Remember that even the Christian still struggles with sin & rebellion, even after he or she has been justified by the Cross of Christ. This is quite clear in Romans 7:13-25, where we resonate with Paul's daily struggle with his inability to live according to the righteousness to which he's been called. In that text, Paul paints the picture of the "inner self", or what we may also call "how the Father sees us" at war with our flesh, or the life that we've come out of. Paul mentions that the other members of his body (including our mind, passions, etc.) are still in that limbo state between doing the will of God and shedding our former sinful nature.
For the Christian, we are to test our desires, to see if they are of Christ and the Spirit, and then to pursue those which are with everything that we are. In essence, if we follow John 14:15, we'll be safe.
Love Jesus, do whatever you desire.
The catch is this: But in that order (love Jesus first, live it out second). Not every desire results out of loving Jesus.
(That is a paraphrasing of St. Augustine, but fairly accurate in my assessment).
To answer your original question for the person who is not yet a Christian: if the earthly fulfillment of their desire still leaves them longing (a la Plato's Forms in a sense, or more accurately a la Ecclesiastes 3:11), then it is most likely that it is indeed given to them by and for the Trinity.

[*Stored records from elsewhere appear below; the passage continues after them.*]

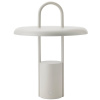 Stelton Stojacia lampa PIER 25 cm, LED, piesok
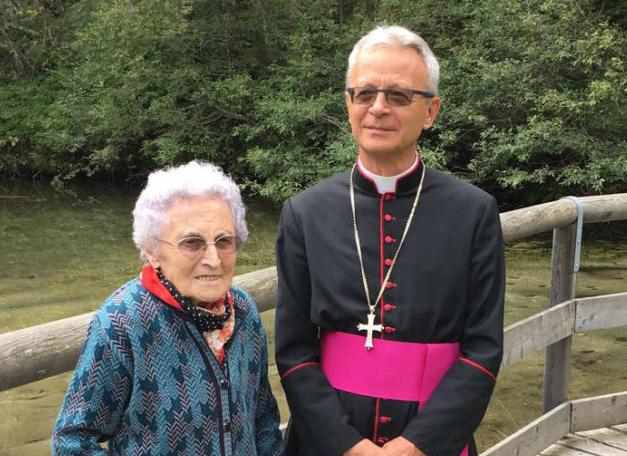 Carpi, lutto per monsignor Cavina: è morta la madre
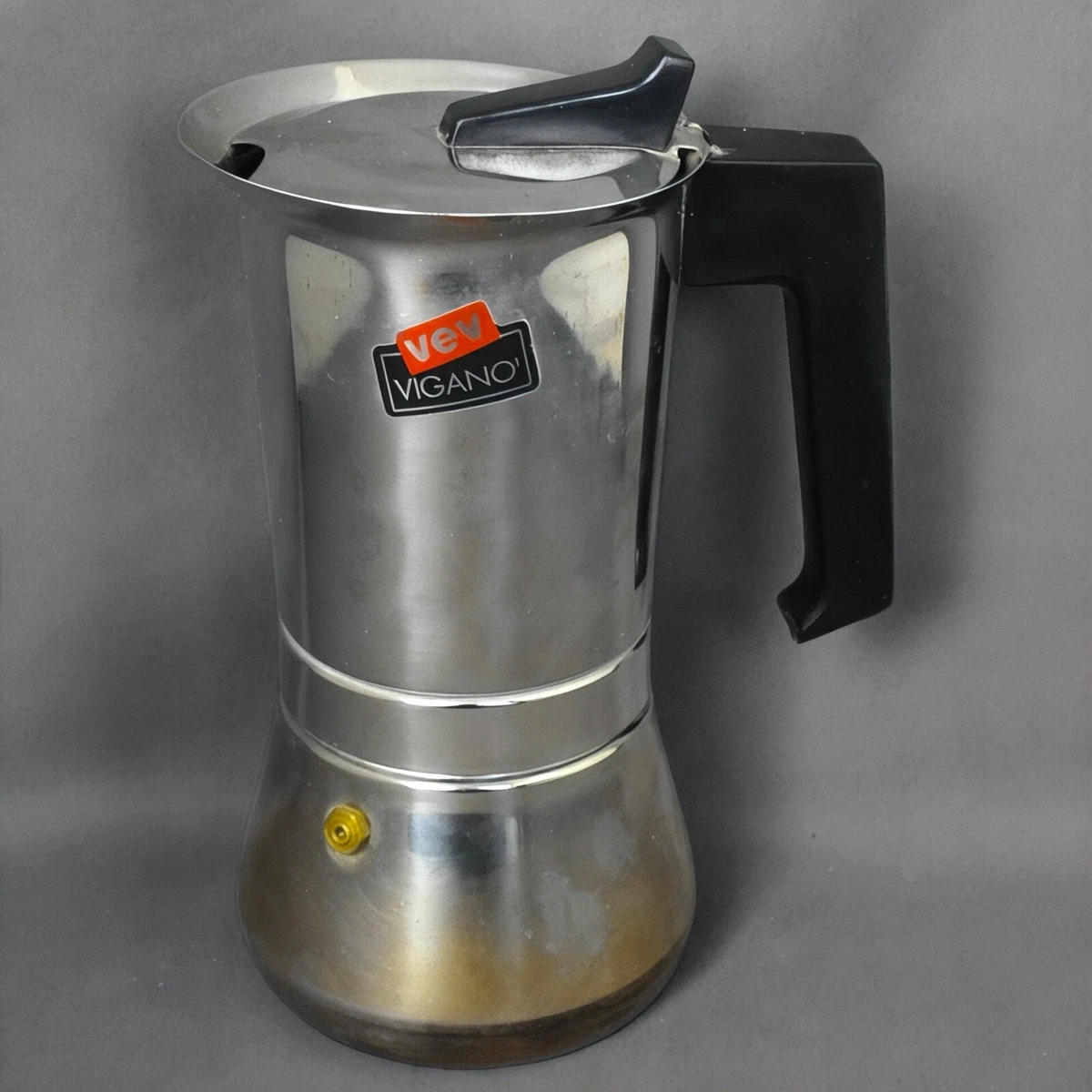 Vintage Italian Coffee Maker A.bialetti Crusinallo, Made in Italy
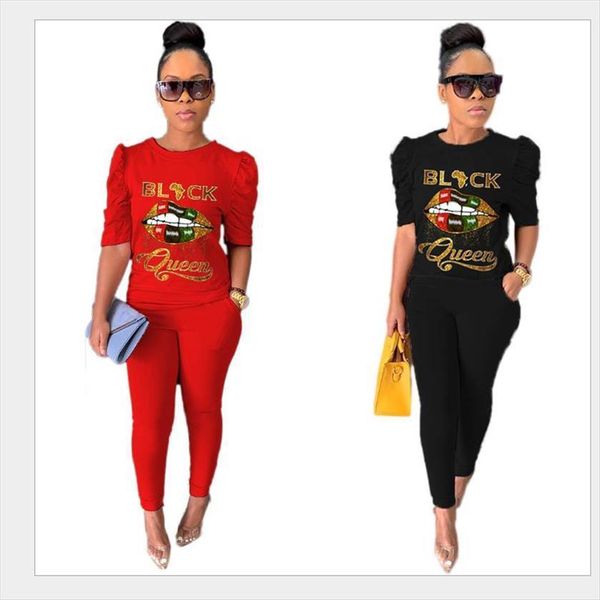 

summer set two piece outfits womens tracksuits suit fashion print short sleeve shirt and pants casual clothing tracksuit ropa, Gray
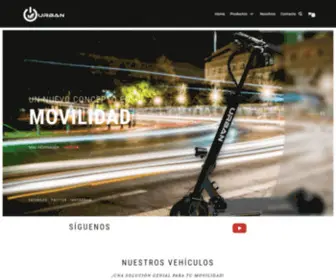 Urbanelectric.com.co(Patinetas y Bicicletas Eléctricas en Bogotá) Screenshot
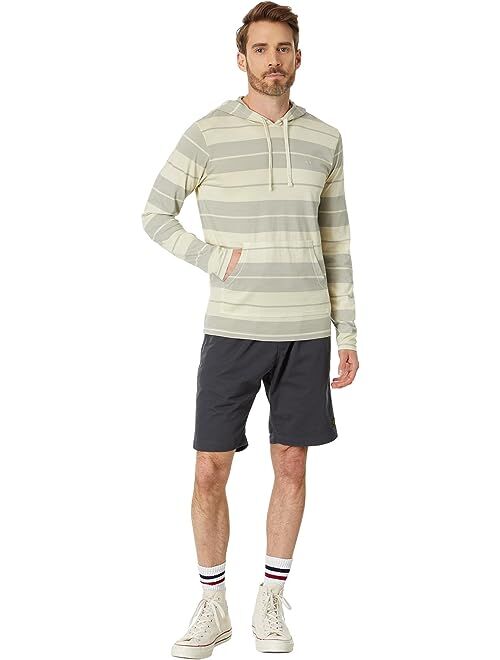 RVCA PTC Stripe Pullover Hoodie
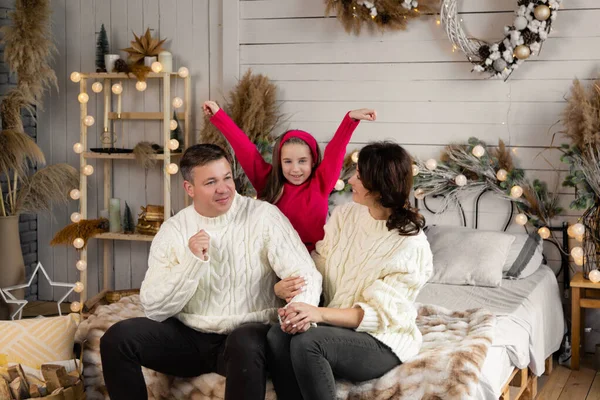 Güzel bir aile, Noel tatili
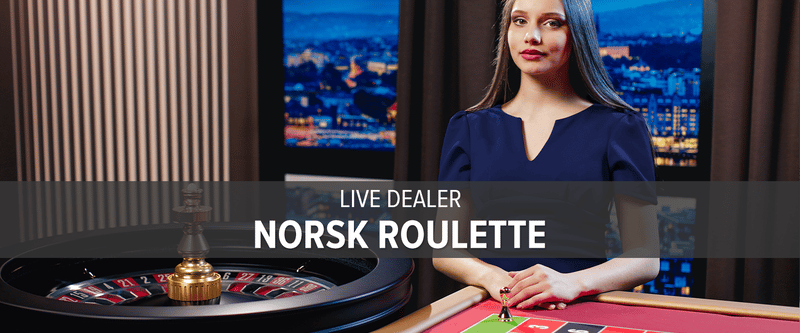 Live Dealer Norsk Roulette - Game Title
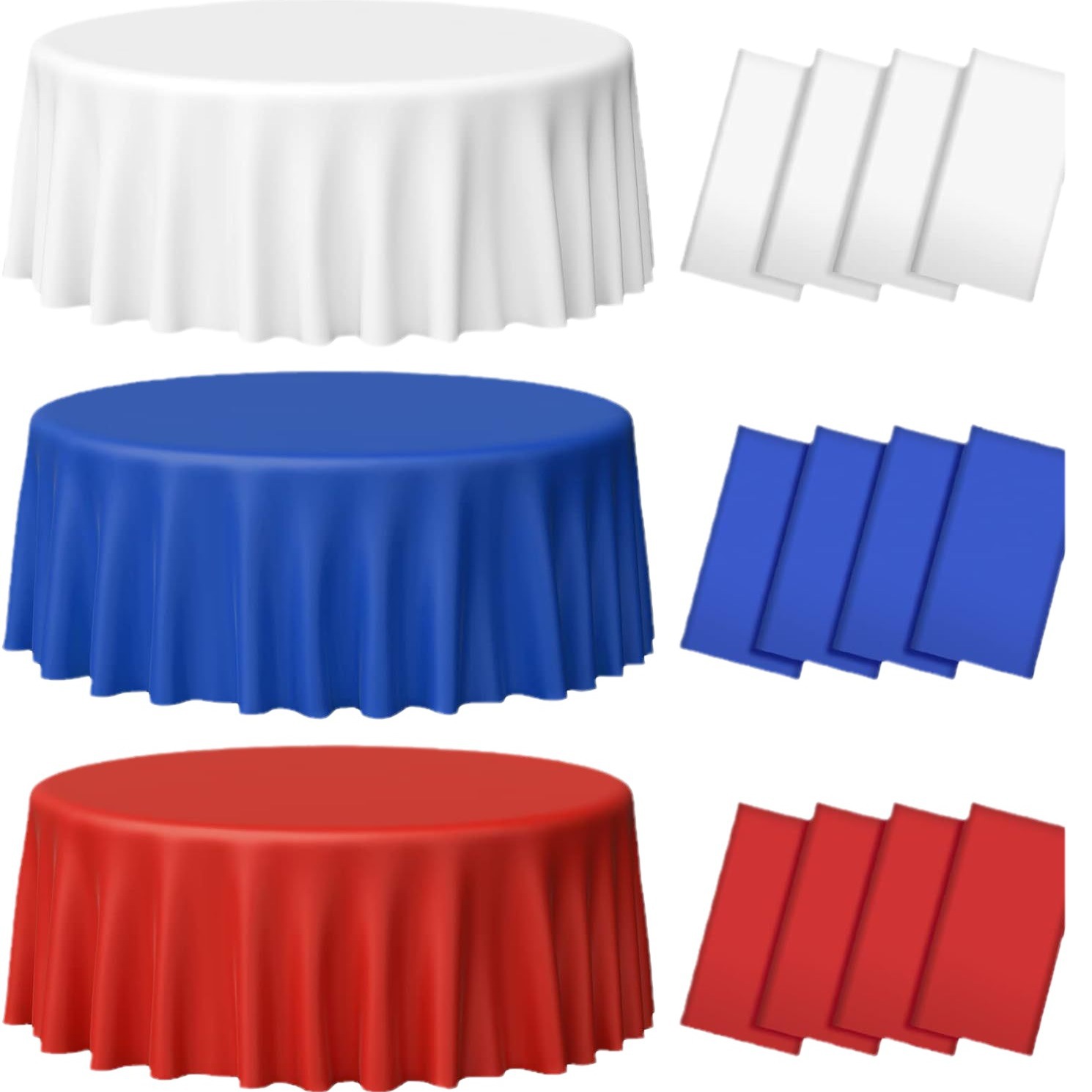 Transfronterizos desechables Pe manteles de mesa decorativos para fiestas de cumpleaños, fiestas de Navidad, bodas, fiestas de vacaciones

In summary, it is not a necessity that a desire points to God, but the longing that results from an unfulfilled desire does point us to God. I would also caution against Platonic reasoning, because it's so antithetical to the Gospel. For more reading on that, check out NT Wright's Surprised By Hope. Fantastic explanation on how Plato and Western civilization clash with the Gospel and the Biblical understanding of "forms".
Hope this helps!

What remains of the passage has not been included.